Natural Language Processing (NLP)
===
(1) NLP Tasks: How does it perform? 
    
    (a) Well: Spam detection, Parts-of-Speech (POS) tagging see www.parts-of-speech.info, and Named-Entity-Recognition (NER).
    
    (b) Good: Sentiment analysis, Machine Translation see https://translate.google.com, and Information extraction
    
    (c) Sometimes: Machine conversations (recognize speech, wreck a nice beach), Paraphrasing and summarization.  e.x., pinterest.
    
    (d) Interesting progress: word2vec (uses ann)

(2) Spam Detector

(3) Sentiment Analyzer

(4) Exlpore NLTK

(5) Latent Semantic Analysis (LSA)

(6) Article spinner

Why is NLP Hard? Math is universal, but language is ambiguous! For example, "Republicans Grill IRS Chief Over Lost Emails" could be interpretted as "Republicans harshly question the chief about emails" or "Republicans cook the chief using email as fuel". Another example, "I saw a man on a hill with a telescope." could be interpretted as "There's a man on a hill and I'm watching him with a telescope." , "There's a man on a hill, who I'm seeing, and he has a telescope.", "There's a man, and he's on a hill that also has a telescope on it.", "I'm on a hill, and I saw a man using a telescope."  Non-formal language: Twitter is limited to 140 characters, "U", "UR", "LOL", "netflix and chill"  Remember language = text and voice.
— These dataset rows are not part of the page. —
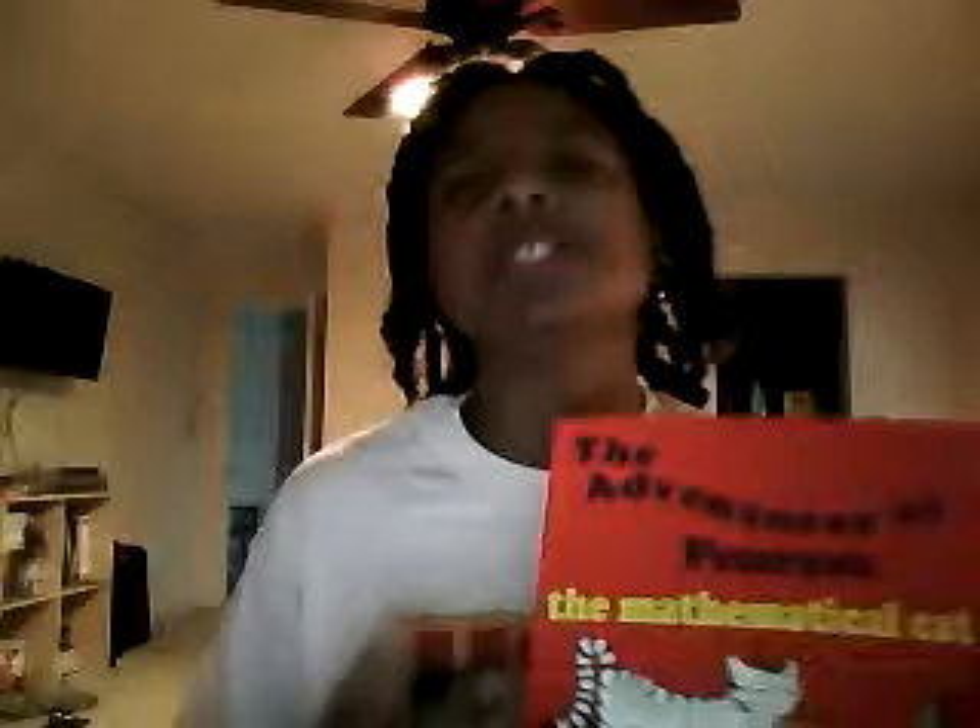Two of my three children were able to do the chapter on binary math at the four to five age range. The other one I just didn't do it with because he wasn't all that interested. And again, this is not a textbook — this is a fun book. You can see if your local library has it if you don't want to buy it right away, and test out a couple of things. If your child doesn't like it, take it back to the library and don't recheck it out, because this should be fun.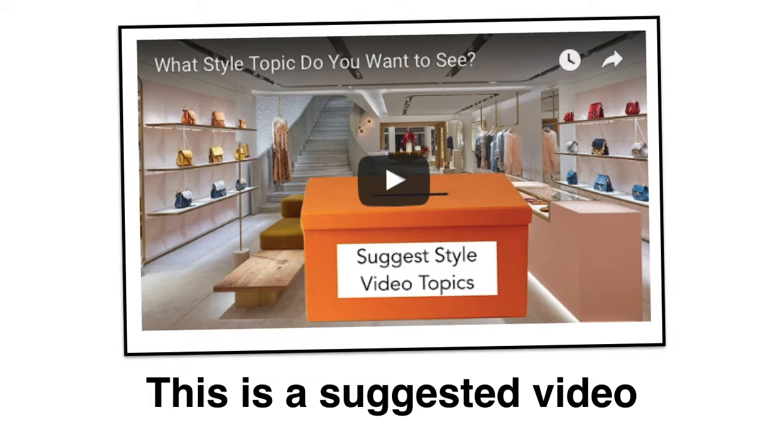If you would also like to suggest a style topic, you can go to my YouTube channel and look for the video we call our suggestion box. In the comment section below that video, just enter what style topic you would like to see. I've also created a link to that video in the description area, so you can just go down there, click on it, and type in your suggestion.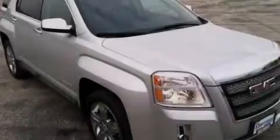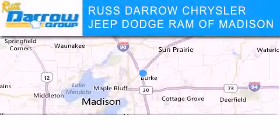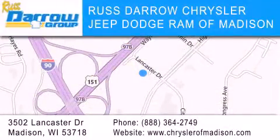Stop by today and test drive this vehicle for yourself. Chrysler Jeep Dodge Ram of Madison is located at 3502 Lancaster Drive in Madison. Our goal is to exceed all of your expectations to ensure that you'll return for future visits — experience the Daro difference!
Voice requires signal processing.

Spam Detector
---
Let's get the pre-processed data here:
http://archive.ics.uci.edu/ml/datasets/Spambase

2 main takeaways:
(1) A lot of NLP is just pre-processing data, so we can use ML algorithms we already know.

(2) You can choose ANY ML algorithm as long as you can make the data fit.

Sci-kit learn.

Pre-processing 
---
Columns 1...48

word frequncy measure - number of times word appears divided by the number of words in the documents x 100

Last column is a label

1=spam, 0=not spam
One example of a "term-document matrix" - terms go along columns, documents (aka emails) go along rows


In [1]:
# sklearn.naive_bayes.MultinomialNB
from sklearn.naive_bayes import MultinomialNB
import pandas as pd 
import numpy as np

data = pd.read_csv("/home/mike/Downloads/spambase/spambase.data").as_matrix()
np.random.shuffle(data)

X = data[:,:48]
Y = data[:,-1]

Xtrain = X[:-100,]
Ytrain = Y[:-100,]

Xtest = X[-100:,]
Ytest = Y[-100:,]

model = MultinomialNB()
model.fit(Xtrain,Ytrain)
print "Classification rate for NB:", model.score(Xtest,Ytest)
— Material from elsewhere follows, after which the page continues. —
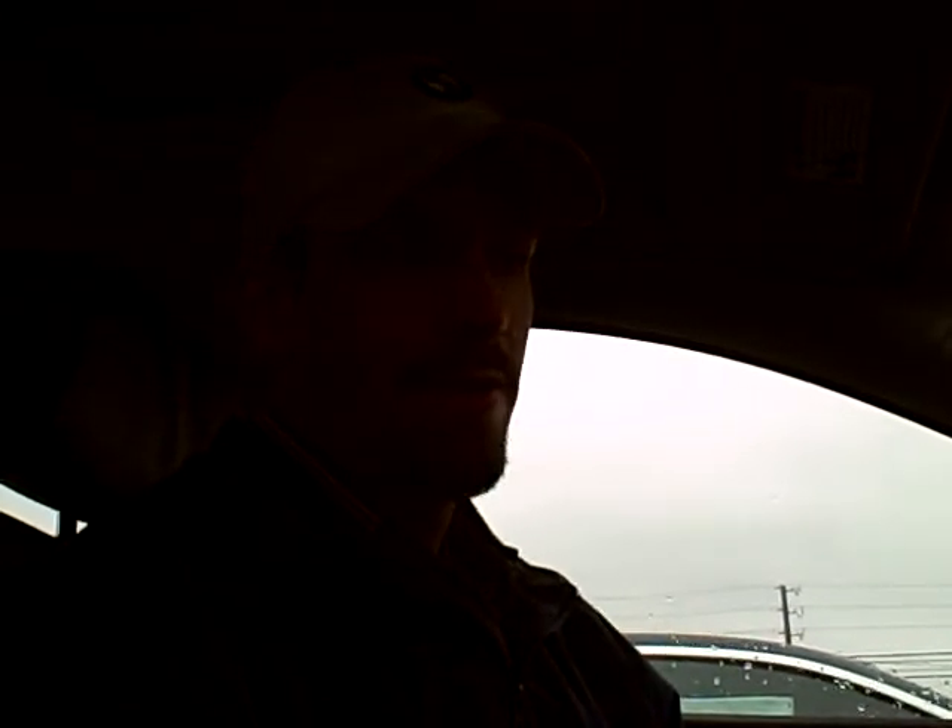Hello everyone, this is Doug Rice from Preston BMW. I'm sitting inside a 2011 BMW 7 Series and I wanted to give you a look at BMW's iDrive system.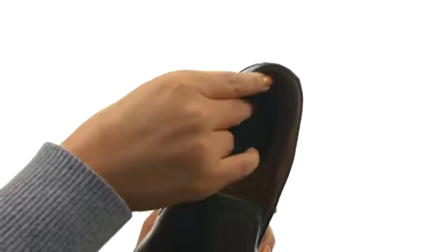On the inside, there's soft leather linings for a great next-to-skin feel. There's a leather-covered pour-on foam cushioned footbed for all-day comfort and support.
Classification rate for NB: 0.85


In [2]:
from sklearn.ensemble import AdaBoostClassifier

model = AdaBoostClassifier()
model.fit(Xtrain,Ytrain)
print "Classification rate for AdaBoost:", model.score(Xtest,Ytest)

Classification rate for AdaBoost: 0.92


Other Types of Features
---

Most of these fit into what we call "bag of words")

(1) word proportion (we already saw this)

(2) raw word counts

(3) binary (1 if word appears, o otherwise)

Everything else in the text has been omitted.